(Your instructions): Print nothing except the lines of the listing below from the line with "BayVista Lodge - Studios" to the line with "マー君、楽天入団会見「緊張しましたー」ツイッターで感謝つづる", each exactly as written, both ends included.

(Given records):
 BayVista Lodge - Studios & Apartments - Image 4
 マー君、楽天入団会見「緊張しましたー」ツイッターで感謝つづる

* * *

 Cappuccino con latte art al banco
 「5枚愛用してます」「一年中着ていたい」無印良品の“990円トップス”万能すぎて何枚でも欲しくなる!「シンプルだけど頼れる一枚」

(Response below):
 BayVista Lodge - Studios & Apartments - Image 4
 マー君、楽天入団会見「緊張しましたー」ツイッターで感謝つづる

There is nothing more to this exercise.